Olga Matri Hana Yoaqim, 63, who has seven children, was born in Bethlehem but has lived in the city with her husband since 1952. "In September 1995 I went to replace my identity card at the Interior Ministry office in East Jerusalem," she said. The clerk cut up her old card and told her to come back in two weeks. When Mrs Yoaqim returned "the clerks told me: "You don't have an identity card. Go to the West Bank".

Her husband went back to the ministry 20 times but was refused. Mrs Yoaqim said: "I suffer from diabetes and have kidney problems. When I go to a clinic or hospital, they want to see my identity card. Because I have none, I can't receive treatment."
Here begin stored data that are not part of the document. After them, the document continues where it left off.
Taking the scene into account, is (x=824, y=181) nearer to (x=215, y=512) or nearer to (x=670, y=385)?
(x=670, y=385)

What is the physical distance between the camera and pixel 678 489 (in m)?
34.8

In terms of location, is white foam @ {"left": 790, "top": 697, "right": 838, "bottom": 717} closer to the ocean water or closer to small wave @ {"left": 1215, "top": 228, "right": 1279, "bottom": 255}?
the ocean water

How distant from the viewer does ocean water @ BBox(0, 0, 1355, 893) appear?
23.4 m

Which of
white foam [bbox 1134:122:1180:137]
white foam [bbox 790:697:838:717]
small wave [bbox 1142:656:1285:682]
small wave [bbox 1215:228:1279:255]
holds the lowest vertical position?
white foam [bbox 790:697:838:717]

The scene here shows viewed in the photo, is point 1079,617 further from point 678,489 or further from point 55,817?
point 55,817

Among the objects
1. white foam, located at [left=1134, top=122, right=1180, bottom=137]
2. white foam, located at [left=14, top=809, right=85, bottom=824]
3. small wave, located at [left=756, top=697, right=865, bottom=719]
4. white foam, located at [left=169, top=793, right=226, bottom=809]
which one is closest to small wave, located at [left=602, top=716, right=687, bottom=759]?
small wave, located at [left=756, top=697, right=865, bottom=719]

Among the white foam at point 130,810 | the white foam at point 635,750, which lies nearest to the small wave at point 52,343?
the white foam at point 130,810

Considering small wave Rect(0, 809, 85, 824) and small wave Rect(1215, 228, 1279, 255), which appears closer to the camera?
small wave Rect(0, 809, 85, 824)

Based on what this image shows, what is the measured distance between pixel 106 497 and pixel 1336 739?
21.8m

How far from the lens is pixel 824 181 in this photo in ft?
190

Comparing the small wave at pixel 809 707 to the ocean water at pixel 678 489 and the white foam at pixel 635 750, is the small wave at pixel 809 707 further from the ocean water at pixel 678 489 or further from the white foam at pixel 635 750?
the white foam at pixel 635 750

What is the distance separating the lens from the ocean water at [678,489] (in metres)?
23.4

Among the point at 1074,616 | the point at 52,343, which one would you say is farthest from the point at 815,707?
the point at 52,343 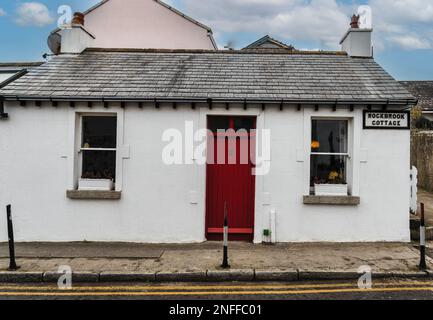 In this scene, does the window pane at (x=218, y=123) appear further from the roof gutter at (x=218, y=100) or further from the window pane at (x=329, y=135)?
the window pane at (x=329, y=135)

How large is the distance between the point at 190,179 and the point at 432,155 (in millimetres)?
11968

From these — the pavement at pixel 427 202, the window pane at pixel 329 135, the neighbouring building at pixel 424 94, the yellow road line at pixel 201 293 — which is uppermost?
the neighbouring building at pixel 424 94

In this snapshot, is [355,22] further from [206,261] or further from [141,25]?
[141,25]

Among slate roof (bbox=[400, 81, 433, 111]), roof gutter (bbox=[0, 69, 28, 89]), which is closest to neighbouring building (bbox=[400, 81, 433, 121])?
slate roof (bbox=[400, 81, 433, 111])

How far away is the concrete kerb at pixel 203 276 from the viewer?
5.98 metres

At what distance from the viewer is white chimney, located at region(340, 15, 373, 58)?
32.6 feet

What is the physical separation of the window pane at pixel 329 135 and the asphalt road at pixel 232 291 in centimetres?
360

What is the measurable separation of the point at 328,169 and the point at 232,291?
4.46 m

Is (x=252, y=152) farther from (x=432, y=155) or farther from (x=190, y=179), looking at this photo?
(x=432, y=155)

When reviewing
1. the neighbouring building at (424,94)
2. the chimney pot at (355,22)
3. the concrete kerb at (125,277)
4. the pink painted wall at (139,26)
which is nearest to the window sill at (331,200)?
the concrete kerb at (125,277)

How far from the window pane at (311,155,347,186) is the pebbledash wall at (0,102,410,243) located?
16.0 inches

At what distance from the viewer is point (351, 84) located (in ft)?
28.5

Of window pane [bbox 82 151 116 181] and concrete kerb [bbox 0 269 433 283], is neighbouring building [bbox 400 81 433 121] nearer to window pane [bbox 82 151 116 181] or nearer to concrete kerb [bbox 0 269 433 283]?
concrete kerb [bbox 0 269 433 283]

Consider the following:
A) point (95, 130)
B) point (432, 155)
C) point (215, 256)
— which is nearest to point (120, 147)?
point (95, 130) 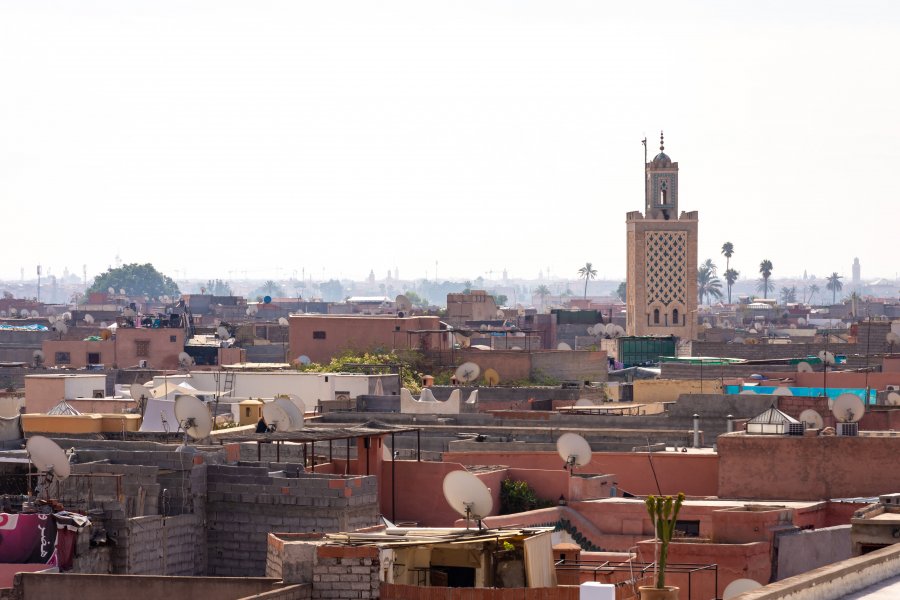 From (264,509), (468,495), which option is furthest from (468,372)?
(468,495)

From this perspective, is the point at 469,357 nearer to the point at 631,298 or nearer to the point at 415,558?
the point at 631,298

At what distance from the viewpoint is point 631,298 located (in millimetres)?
69250

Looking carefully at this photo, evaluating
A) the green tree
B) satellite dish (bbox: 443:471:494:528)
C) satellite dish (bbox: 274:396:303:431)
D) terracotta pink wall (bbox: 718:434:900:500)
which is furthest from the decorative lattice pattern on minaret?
the green tree

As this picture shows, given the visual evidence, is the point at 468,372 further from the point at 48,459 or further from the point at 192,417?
the point at 48,459

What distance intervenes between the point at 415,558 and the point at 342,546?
0.63 meters

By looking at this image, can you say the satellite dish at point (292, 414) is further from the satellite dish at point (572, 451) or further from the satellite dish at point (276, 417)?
the satellite dish at point (572, 451)

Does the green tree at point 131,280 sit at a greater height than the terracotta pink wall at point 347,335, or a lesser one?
greater

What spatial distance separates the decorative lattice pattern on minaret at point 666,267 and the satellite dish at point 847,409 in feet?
148

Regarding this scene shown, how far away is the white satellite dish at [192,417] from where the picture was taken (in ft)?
63.8

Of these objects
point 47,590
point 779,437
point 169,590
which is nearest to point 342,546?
point 169,590

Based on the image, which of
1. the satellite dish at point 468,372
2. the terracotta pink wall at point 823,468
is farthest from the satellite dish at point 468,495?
the satellite dish at point 468,372

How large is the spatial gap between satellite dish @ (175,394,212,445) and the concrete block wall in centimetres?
188

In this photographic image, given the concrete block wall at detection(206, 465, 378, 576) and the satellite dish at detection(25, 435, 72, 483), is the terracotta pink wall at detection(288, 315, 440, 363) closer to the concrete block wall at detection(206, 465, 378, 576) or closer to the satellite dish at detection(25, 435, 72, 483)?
the concrete block wall at detection(206, 465, 378, 576)

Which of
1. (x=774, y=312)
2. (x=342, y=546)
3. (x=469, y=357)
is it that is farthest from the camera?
(x=774, y=312) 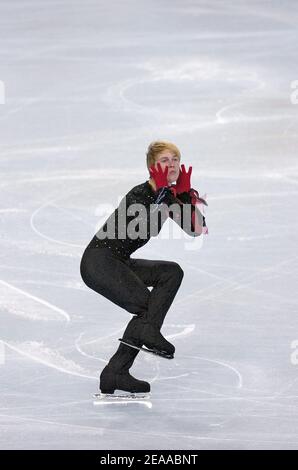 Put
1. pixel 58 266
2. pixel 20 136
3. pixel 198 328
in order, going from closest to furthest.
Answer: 1. pixel 198 328
2. pixel 58 266
3. pixel 20 136

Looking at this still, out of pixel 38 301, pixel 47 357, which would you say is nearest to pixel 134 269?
pixel 47 357

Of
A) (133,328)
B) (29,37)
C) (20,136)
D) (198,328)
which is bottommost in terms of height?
(133,328)

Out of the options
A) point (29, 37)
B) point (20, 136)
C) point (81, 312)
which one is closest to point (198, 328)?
point (81, 312)

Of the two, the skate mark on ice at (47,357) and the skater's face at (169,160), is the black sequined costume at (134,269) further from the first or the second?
the skate mark on ice at (47,357)

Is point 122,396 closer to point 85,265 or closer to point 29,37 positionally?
point 85,265

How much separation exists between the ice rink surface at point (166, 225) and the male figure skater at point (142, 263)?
275 mm

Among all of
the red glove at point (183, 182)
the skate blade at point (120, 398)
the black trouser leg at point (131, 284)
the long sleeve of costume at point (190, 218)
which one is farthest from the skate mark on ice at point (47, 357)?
the red glove at point (183, 182)

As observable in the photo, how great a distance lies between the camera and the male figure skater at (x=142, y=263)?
6.76m

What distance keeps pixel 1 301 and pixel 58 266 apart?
65 cm

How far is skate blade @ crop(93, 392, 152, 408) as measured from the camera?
6.90 meters

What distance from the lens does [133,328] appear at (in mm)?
6828

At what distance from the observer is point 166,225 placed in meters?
9.79

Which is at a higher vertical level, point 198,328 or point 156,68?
point 156,68

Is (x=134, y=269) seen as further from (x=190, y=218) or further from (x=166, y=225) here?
(x=166, y=225) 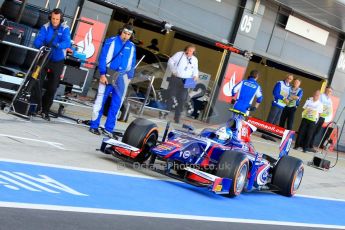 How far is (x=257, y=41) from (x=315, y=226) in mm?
14097

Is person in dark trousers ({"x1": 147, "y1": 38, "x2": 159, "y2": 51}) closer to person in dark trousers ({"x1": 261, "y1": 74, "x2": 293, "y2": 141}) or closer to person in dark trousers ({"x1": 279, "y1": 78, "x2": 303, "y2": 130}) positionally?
person in dark trousers ({"x1": 261, "y1": 74, "x2": 293, "y2": 141})

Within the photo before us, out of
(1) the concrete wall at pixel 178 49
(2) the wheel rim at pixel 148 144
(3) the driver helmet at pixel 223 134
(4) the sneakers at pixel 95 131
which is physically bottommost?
(4) the sneakers at pixel 95 131

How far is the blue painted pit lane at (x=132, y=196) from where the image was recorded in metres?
7.50

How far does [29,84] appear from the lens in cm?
1239

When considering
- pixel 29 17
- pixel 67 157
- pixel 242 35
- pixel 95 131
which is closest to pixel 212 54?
pixel 242 35

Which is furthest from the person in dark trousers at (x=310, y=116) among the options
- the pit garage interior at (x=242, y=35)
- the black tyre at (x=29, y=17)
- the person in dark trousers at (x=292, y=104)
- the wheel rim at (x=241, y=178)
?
the wheel rim at (x=241, y=178)

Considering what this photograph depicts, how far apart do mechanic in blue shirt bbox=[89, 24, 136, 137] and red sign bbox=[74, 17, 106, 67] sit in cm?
490

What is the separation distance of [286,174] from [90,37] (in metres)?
7.70

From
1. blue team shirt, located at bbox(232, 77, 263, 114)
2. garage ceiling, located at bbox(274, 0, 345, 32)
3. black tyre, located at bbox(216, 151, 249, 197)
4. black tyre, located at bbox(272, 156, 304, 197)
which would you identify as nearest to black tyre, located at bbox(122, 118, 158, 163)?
black tyre, located at bbox(216, 151, 249, 197)

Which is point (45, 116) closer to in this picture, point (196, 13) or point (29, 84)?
point (29, 84)

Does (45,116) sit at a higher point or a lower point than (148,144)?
lower

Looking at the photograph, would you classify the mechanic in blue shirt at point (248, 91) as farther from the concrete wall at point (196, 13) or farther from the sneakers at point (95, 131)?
the concrete wall at point (196, 13)

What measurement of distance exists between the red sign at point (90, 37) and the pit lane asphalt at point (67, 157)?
359cm

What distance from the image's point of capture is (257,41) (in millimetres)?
23781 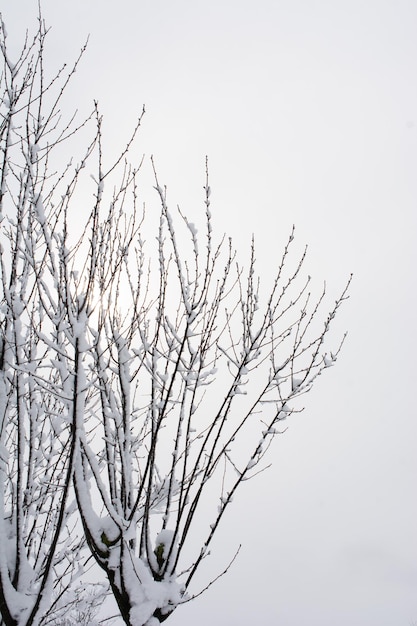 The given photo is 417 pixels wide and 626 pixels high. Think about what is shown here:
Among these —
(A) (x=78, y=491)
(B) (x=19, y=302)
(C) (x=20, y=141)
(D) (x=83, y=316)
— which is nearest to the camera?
(D) (x=83, y=316)

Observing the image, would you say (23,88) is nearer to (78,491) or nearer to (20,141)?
(20,141)

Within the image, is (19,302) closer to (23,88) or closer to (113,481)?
(113,481)

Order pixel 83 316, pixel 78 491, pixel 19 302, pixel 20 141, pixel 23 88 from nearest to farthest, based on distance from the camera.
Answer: pixel 83 316, pixel 78 491, pixel 19 302, pixel 20 141, pixel 23 88

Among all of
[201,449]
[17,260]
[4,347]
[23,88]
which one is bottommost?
[201,449]

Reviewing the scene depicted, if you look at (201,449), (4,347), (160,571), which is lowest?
(160,571)

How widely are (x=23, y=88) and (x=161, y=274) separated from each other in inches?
75.5

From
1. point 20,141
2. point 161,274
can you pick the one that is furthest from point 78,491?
point 20,141

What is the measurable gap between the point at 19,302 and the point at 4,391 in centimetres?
62

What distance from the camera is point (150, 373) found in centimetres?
328

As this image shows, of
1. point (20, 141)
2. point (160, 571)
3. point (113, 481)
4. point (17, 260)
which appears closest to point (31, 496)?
point (113, 481)

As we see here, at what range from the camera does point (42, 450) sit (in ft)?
12.4

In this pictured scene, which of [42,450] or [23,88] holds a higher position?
[23,88]

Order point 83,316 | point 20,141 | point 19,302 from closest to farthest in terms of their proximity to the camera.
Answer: point 83,316, point 19,302, point 20,141

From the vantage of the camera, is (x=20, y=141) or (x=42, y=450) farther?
(x=42, y=450) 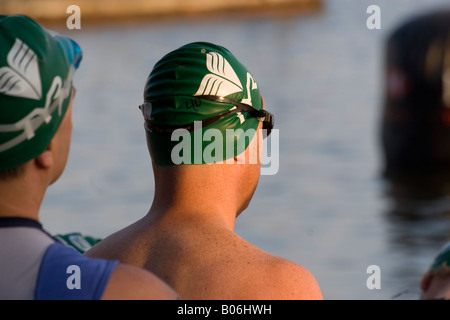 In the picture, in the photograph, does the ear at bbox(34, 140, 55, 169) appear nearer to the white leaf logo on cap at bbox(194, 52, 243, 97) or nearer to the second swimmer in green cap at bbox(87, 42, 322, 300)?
the second swimmer in green cap at bbox(87, 42, 322, 300)

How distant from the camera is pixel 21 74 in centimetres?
229

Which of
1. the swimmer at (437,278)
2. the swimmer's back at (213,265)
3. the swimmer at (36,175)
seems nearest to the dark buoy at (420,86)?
the swimmer at (437,278)

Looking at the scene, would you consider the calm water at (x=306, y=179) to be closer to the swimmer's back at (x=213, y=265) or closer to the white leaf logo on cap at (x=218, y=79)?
the white leaf logo on cap at (x=218, y=79)

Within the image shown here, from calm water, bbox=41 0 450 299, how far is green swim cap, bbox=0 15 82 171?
716 centimetres

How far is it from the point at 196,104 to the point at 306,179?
42.0 ft

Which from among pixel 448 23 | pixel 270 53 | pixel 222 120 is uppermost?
pixel 270 53

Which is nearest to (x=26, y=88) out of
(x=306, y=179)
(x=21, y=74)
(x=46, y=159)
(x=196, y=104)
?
(x=21, y=74)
The Interior Ministry denies that it has a new policy, but says it is merely enforcing old regulations. Responding to the allegation that it has embarked on a policy of deportation, Tova Ellinson, the ministry spokesperson, said: "When permanent residents sever their connection with Israel - maintain their centre of life in another location... - their free choice causes the expiration of their permanent residency."

In fact, it is only recently that Palestinians who live in a Jerusalem suburb such as Ram or Abu Dhis have found that their "centre of life" has moved from the city as much as if they had moved to Dundee. B'Tselem, in its report, The Quiet Deportation: Revocation of Residency of East Jerusalem Palestinians, says: "Some 18 months ago, the Interior Ministry began to revoke the residency status of persons who moved outside the municipal borders of Jerusalem."

The change was retroactive and introduced without notice so it is only now that Palestinians are discovering if they have the right to live in the city where they were born.